▸ **Work to be completed**: Every line from the start of the records through the line with "جناب آقای دکتر" is to be written out exactly; pictures are not.

BEGIN

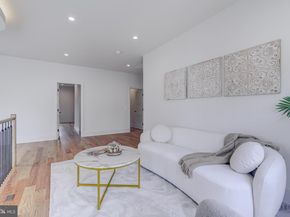 913 Symphony Circle SW, Vienna VA 22180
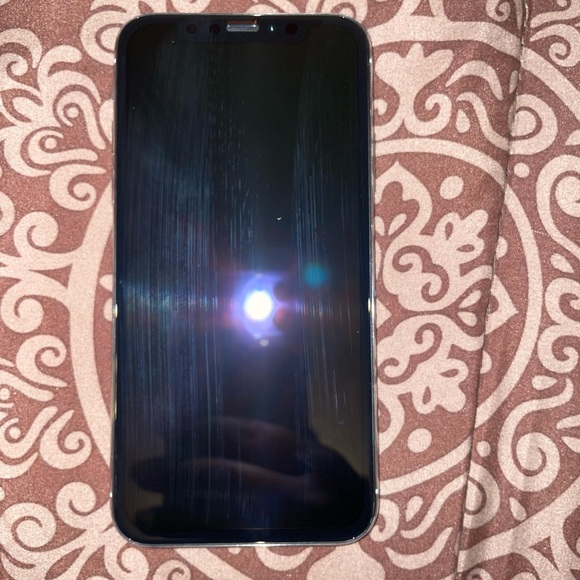 Apple IPhone X - Picture 3 of 11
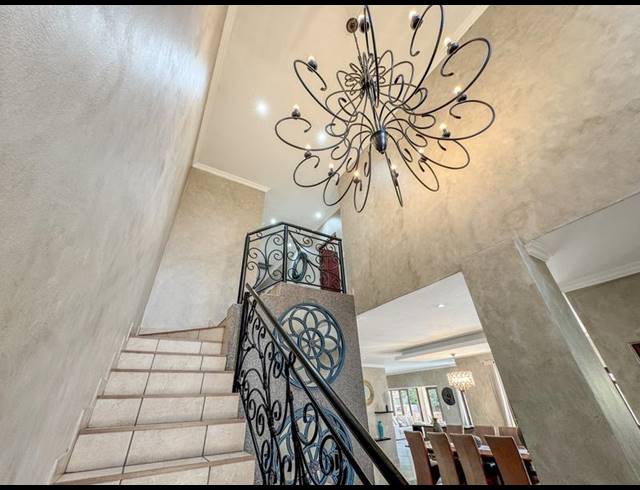 5 BEDROOM HOUSE FOR SALE IN MIDSTREAM ESTATE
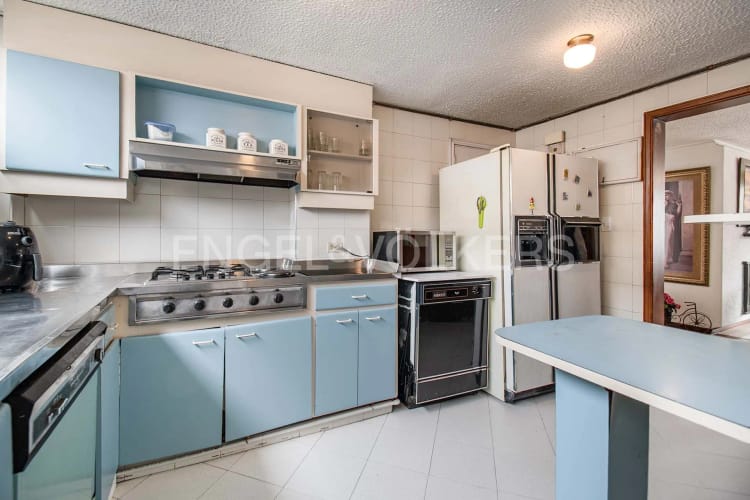 Apartamento de 3 alcobas en venta en Chicó Navarra, Bogotá, 204 m² · foto 7 de 19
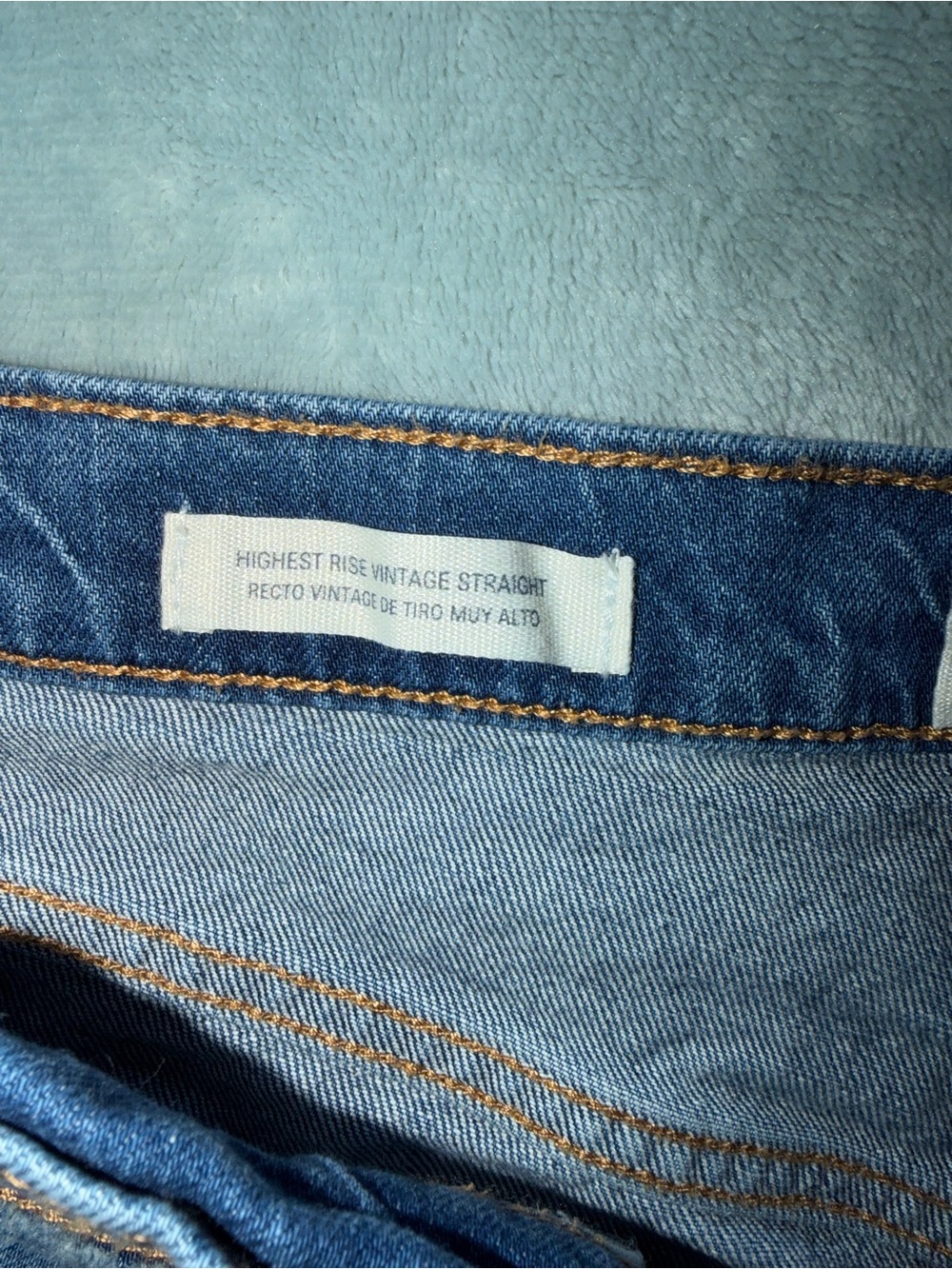 Universal Thread Women’s Highest Rise VintageStraight Denim Jeans - Picture 3 of 5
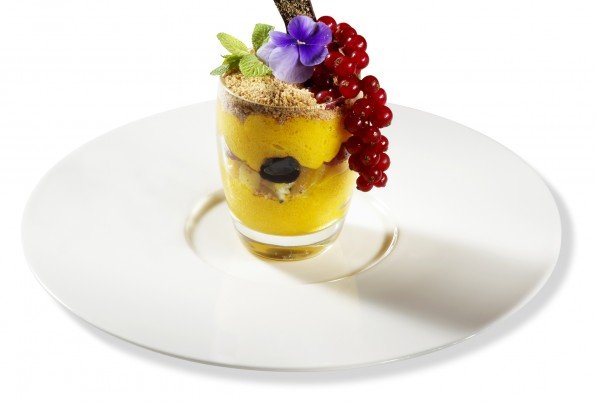 Refreshing mango “Etage” finished as a mousse, thin sheets of chocolate and exotic fruit.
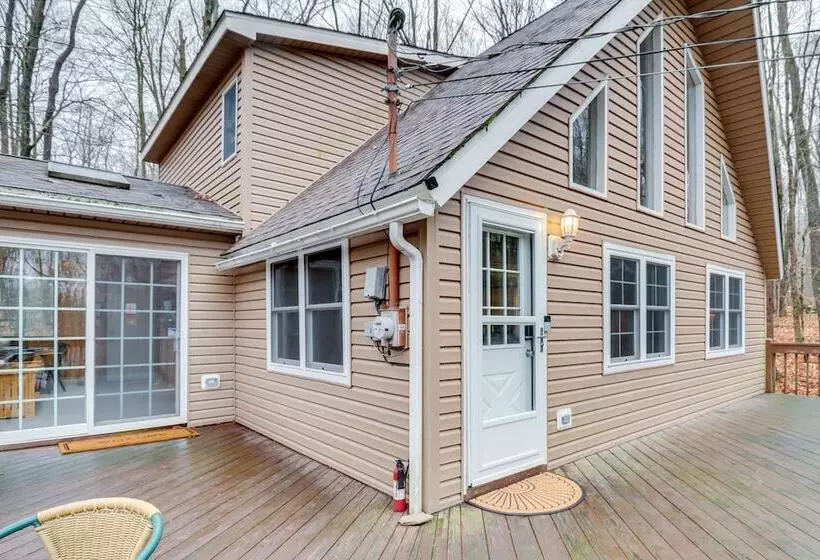Family Friendly Pocono Lake Cabin W/ Fire Pit!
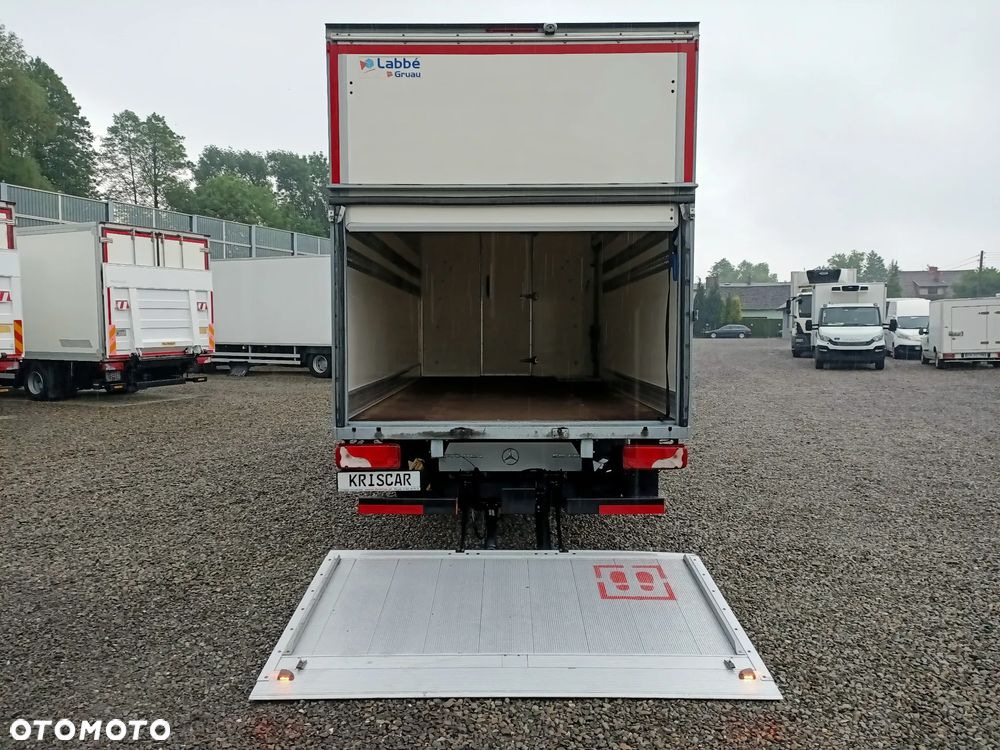 Mercedes-Benz Sprinter 516 Kontener Winda Boczne Drzwi - 11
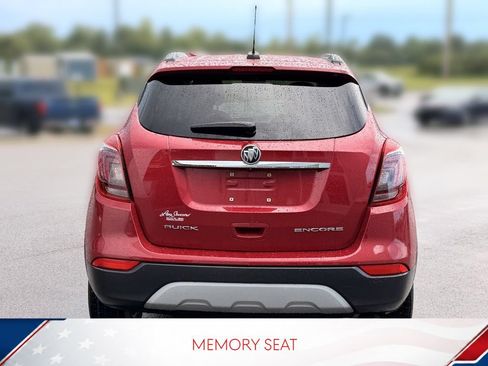 Used 2018 Buick Encore Essence FWD image 4
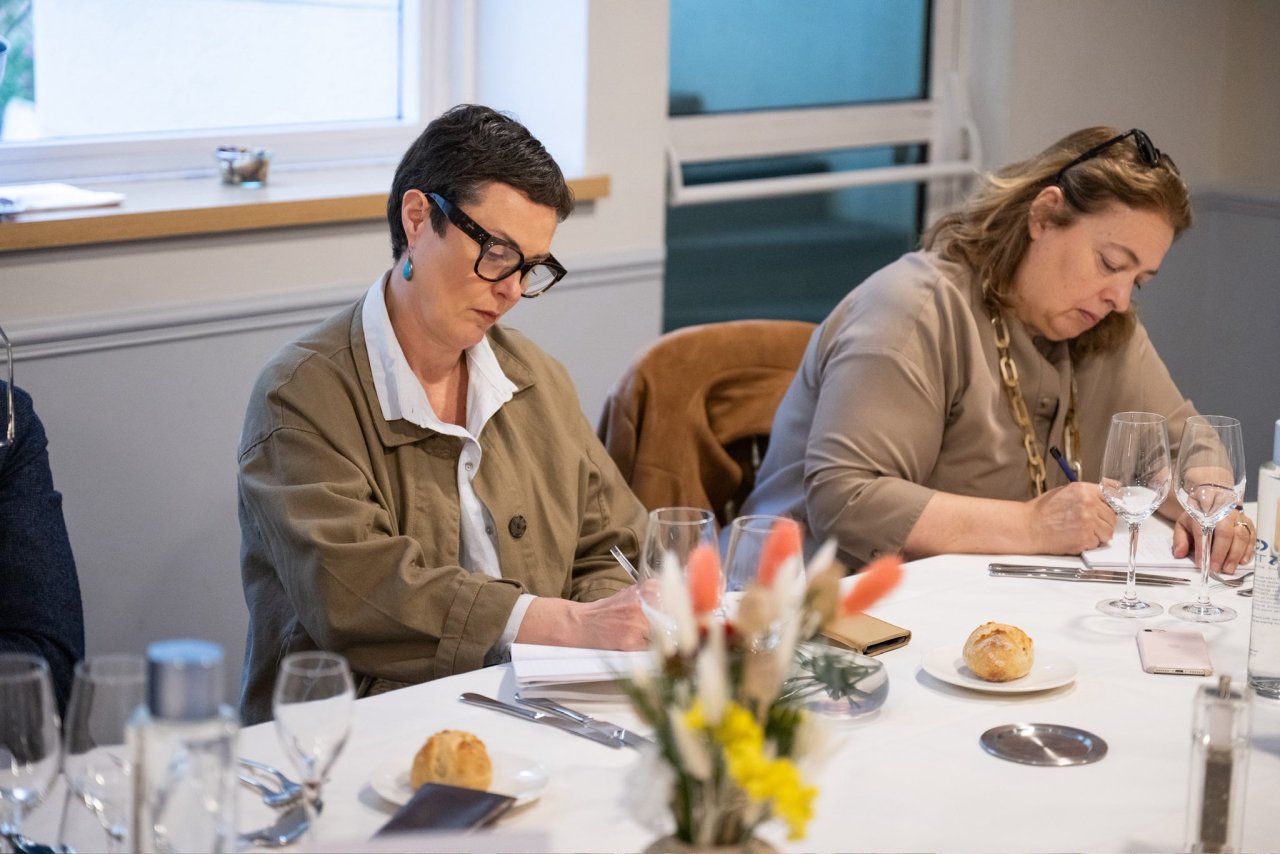 جناب آقای دکتر شیخ محمد العیسی در گفت‌وگویی با رسانه‌های خبری، خبرگزاری و رادیوی فرانسه با حضور خبرنگارانی از کشورهای مختلف، به بررسی شماری از مسائل فکری و اصطلاحات دینیِ رایج و دچار سوء‌فهم پرداخت:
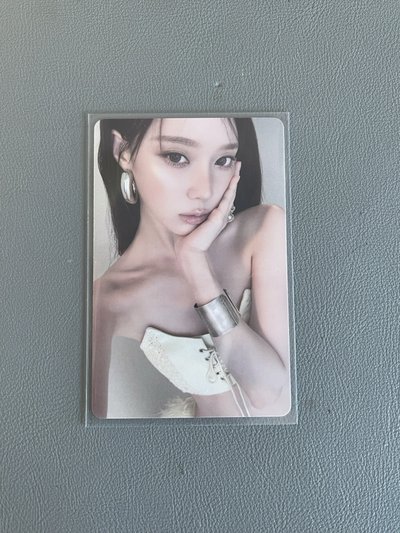 winter首爾場隨機卡X版自拍 圖二打包範例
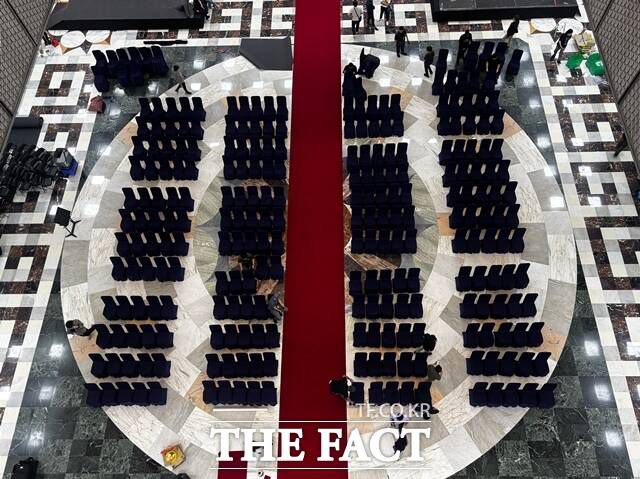 3일 제21대 대통령 취임식을 하루 앞두고 취임식 준비가 진행되고 있는 서울 여의도 국회 본청 로텐더홀 전경. /국회=이하린 기자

END

▸ **Output of the task**:
 913 Symphony Circle SW, Vienna VA 22180
 Apple IPhone X - Picture 3 of 11
 5 BEDROOM HOUSE FOR SALE IN MIDSTREAM ESTATE
 Apartamento de 3 alcobas en venta en Chicó Navarra, Bogotá, 204 m² · foto 7 de 19
 Universal Thread Women’s Highest Rise VintageStraight Denim Jeans - Picture 3 of 5
 Refreshing mango “Etage” finished as a mousse, thin sheets of chocolate and exotic fruit.
Family Friendly Pocono Lake Cabin W/ Fire Pit!
 Mercedes-Benz Sprinter 516 Kontener Winda Boczne Drzwi - 11
 Used 2018 Buick Encore Essence FWD image 4
 جناب آقای دکتر شیخ محمد العیسی در گفت‌وگویی با رسانه‌های خبری، خبرگزاری و رادیوی فرانسه با حضور خبرنگارانی از کشورهای مختلف، به بررسی شماری از مسائل فکری و اصطلاحات دینیِ رایج و دچار سوء‌فهم پرداخت:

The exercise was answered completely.